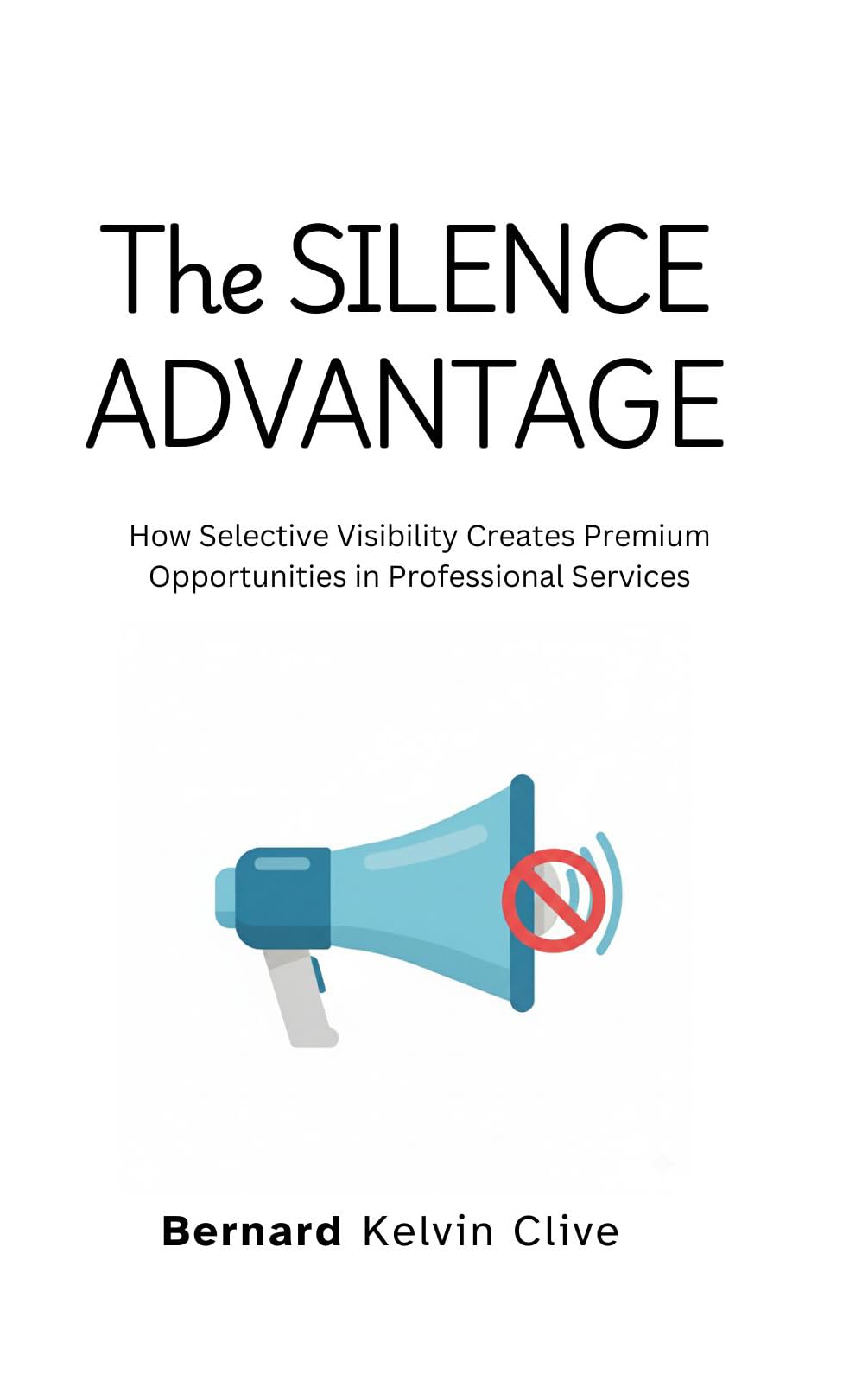 The Silence Advantage Kindle book cover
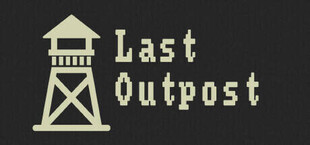 Last Outpost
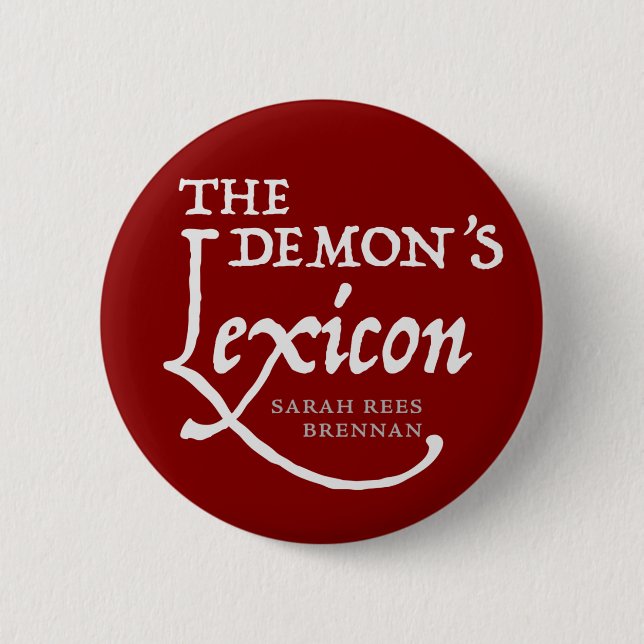 The Demon's Lexicon *BUTTON* 6 Cm Round Badge (Front)
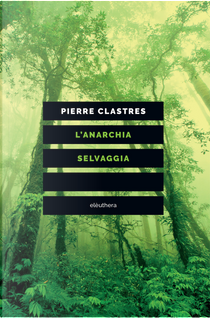 L'anarchia selvaggia by Pierre Clastres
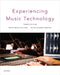 Experiencing Music Technology by David Brian Williams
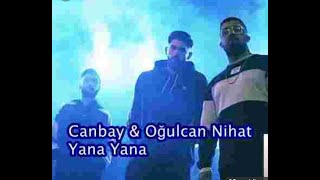 Canbay & Oğulcan Nihat - Yana Yana (Bass-Boosted)[#REMİX]🔥🔥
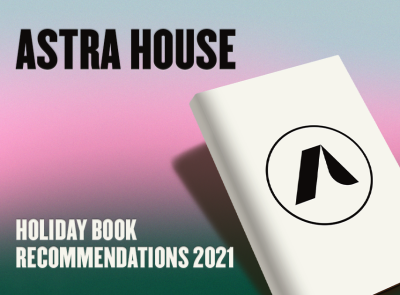 Astra House 2021 Book Recommendations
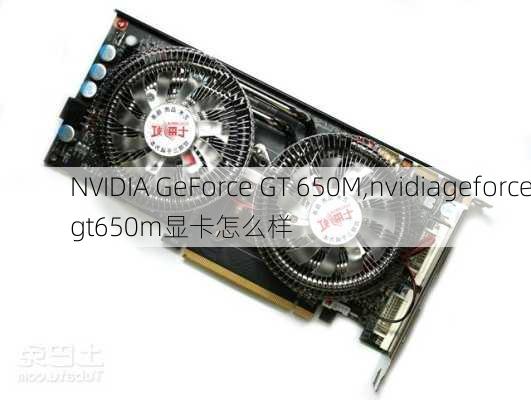 NVIDIA GeForce GT 650M,nvidiageforcegt650m显卡怎么样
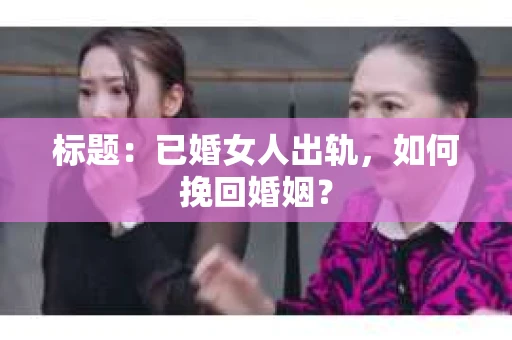 标题：已婚女人出轨，如何挽回婚姻？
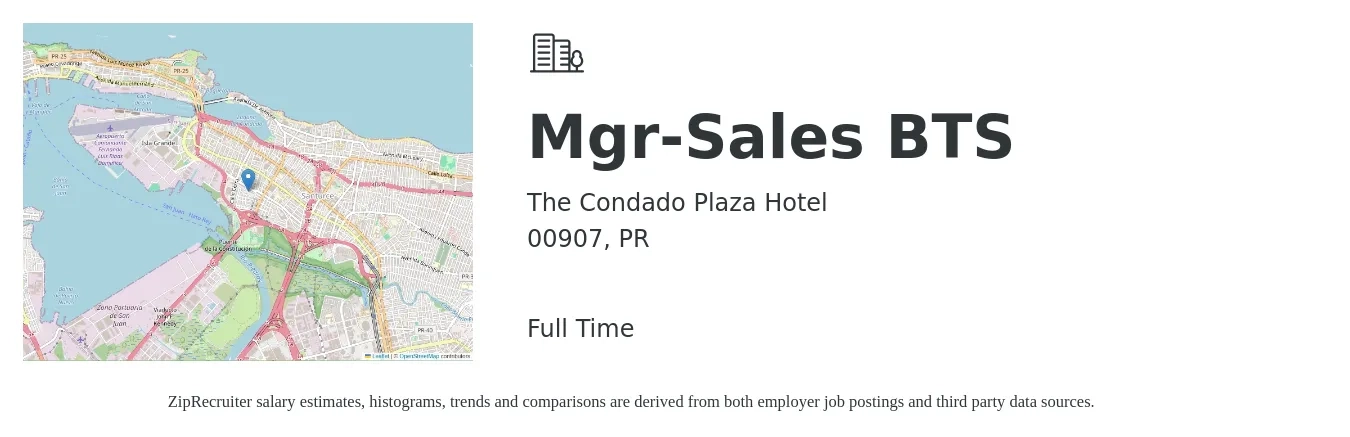 The Condado Plaza Hotel job posting for a Mgr-Sales BTS in 00907, PR with a salary of $49,700 to $78,000 Yearly with a map of 00907 location.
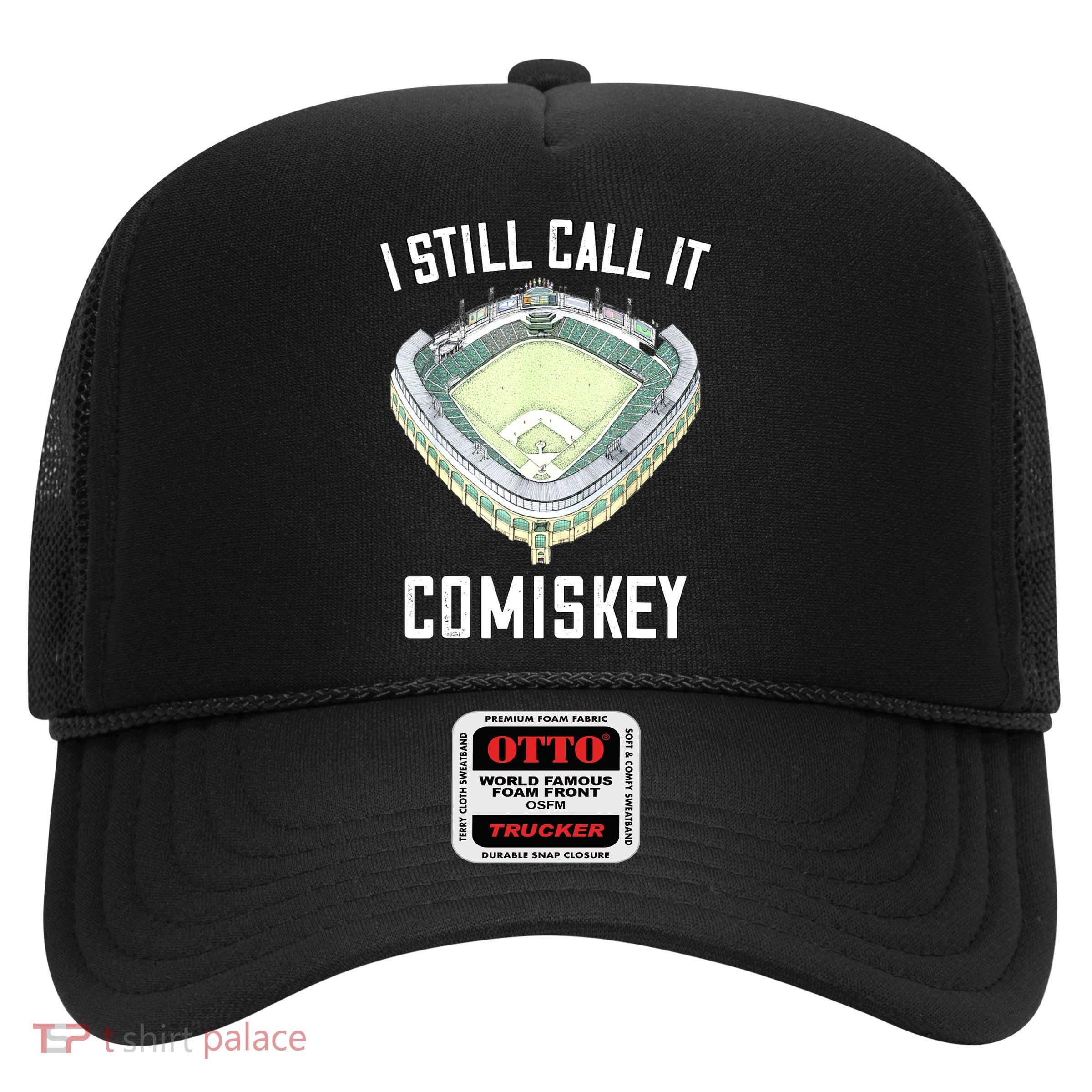 I Still Call It Comiskey Chicago Baseball Vintage Trucker Hat
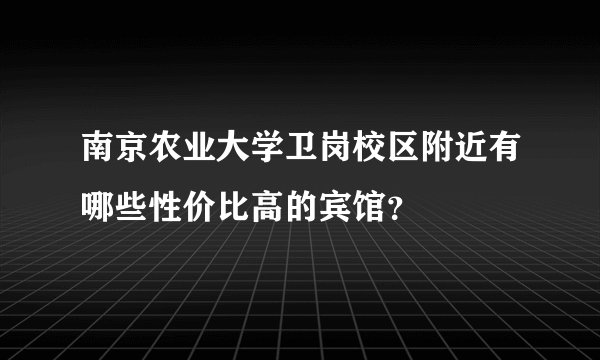 南京农业大学卫岗校区附近有哪些性价比高的宾馆？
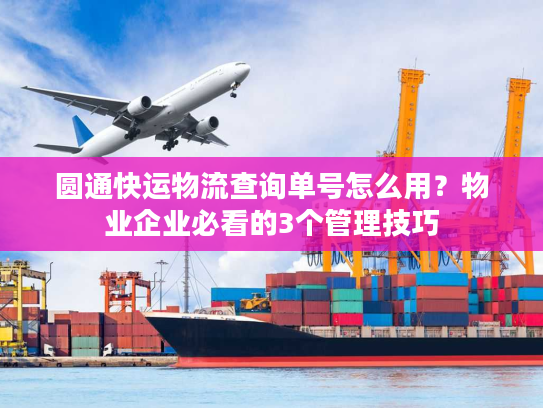 圆通快运物流查询单号怎么用？物业企业必看的3个管理技巧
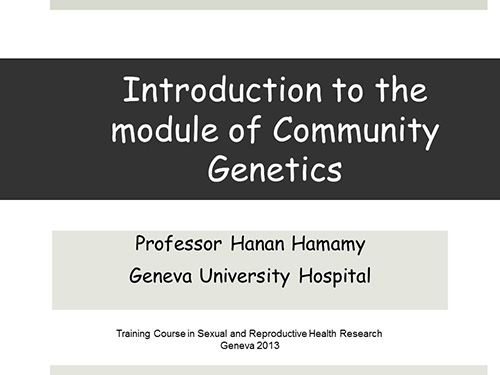 Introduction to the module of community genetics - Hanan Hamamy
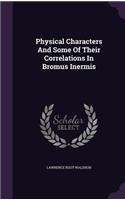 Physical Characters And Some Of Their Correlations In Bromus Inermis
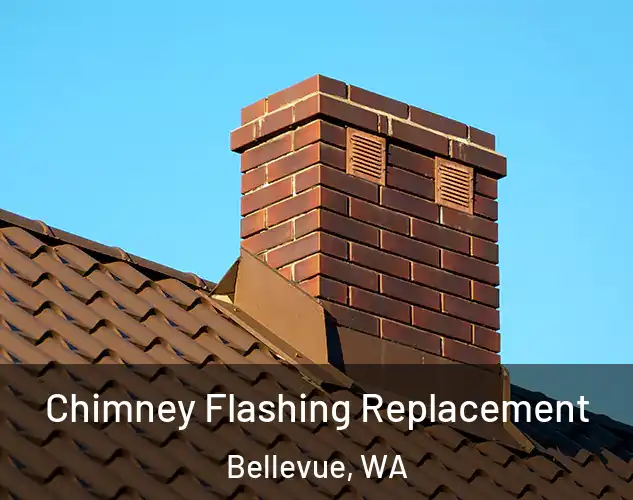  Chimney Flashing Replacement Bellevue, WA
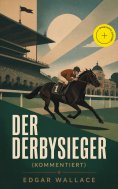 eBook: Der Derbysieger (Kommentiert)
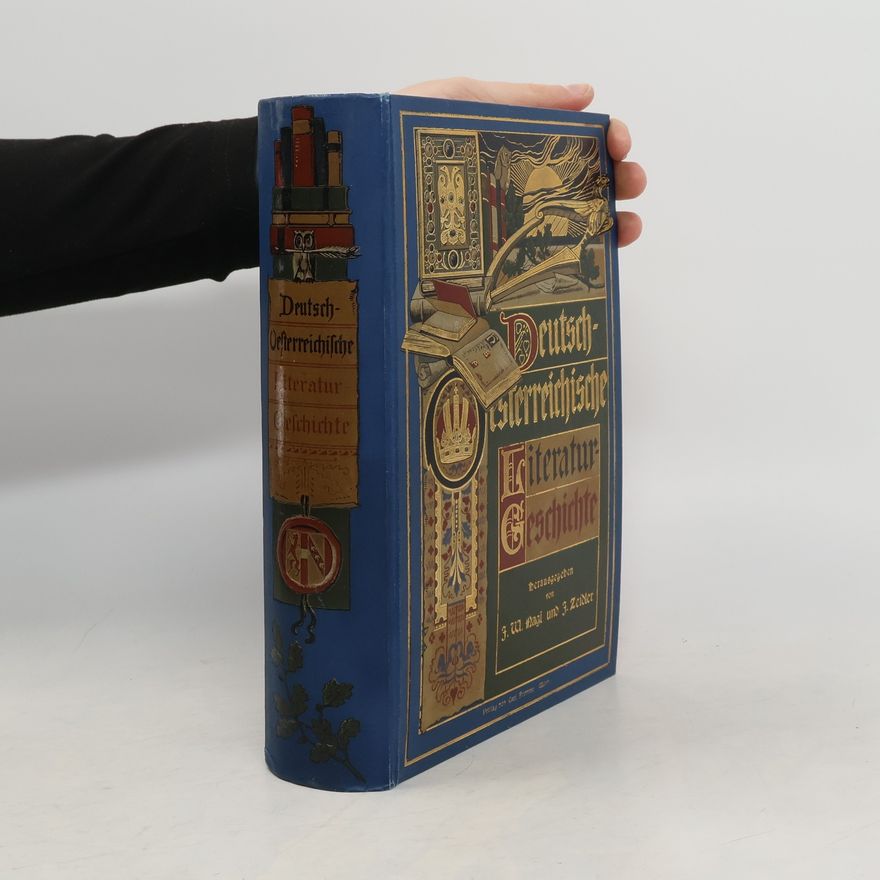 J. W. Nagl Deutsch-Österreichische Literaturgeschichte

◆ WHAT TO DO: With the pictures removed, return all the entries exactly.

◆ EXERCISE ANSWER:
 The Silence Advantage Kindle book cover
 Last Outpost
 The Demon's Lexicon *BUTTON* 6 Cm Round Badge (Front)
 L'anarchia selvaggia by Pierre Clastres
 Experiencing Music Technology by David Brian Williams
 Canbay & Oğulcan Nihat - Yana Yana (Bass-Boosted)[#REMİX]🔥🔥
 Astra House 2021 Book Recommendations
 NVIDIA GeForce GT 650M,nvidiageforcegt650m显卡怎么样
 标题：已婚女人出轨，如何挽回婚姻？
 The Condado Plaza Hotel job posting for a Mgr-Sales BTS in 00907, PR with a salary of $49,700 to $78,000 Yearly with a map of 00907 location.
 I Still Call It Comiskey Chicago Baseball Vintage Trucker Hat
 南京农业大学卫岗校区附近有哪些性价比高的宾馆？
 圆通快运物流查询单号怎么用？物业企业必看的3个管理技巧
 Introduction to the module of community genetics - Hanan Hamamy
 Physical Characters And Some Of Their Correlations In Bromus Inermis
  Chimney Flashing Replacement Bellevue, WA
 eBook: Der Derbysieger (Kommentiert)
 J. W. Nagl Deutsch-Österreichische Literaturgeschichte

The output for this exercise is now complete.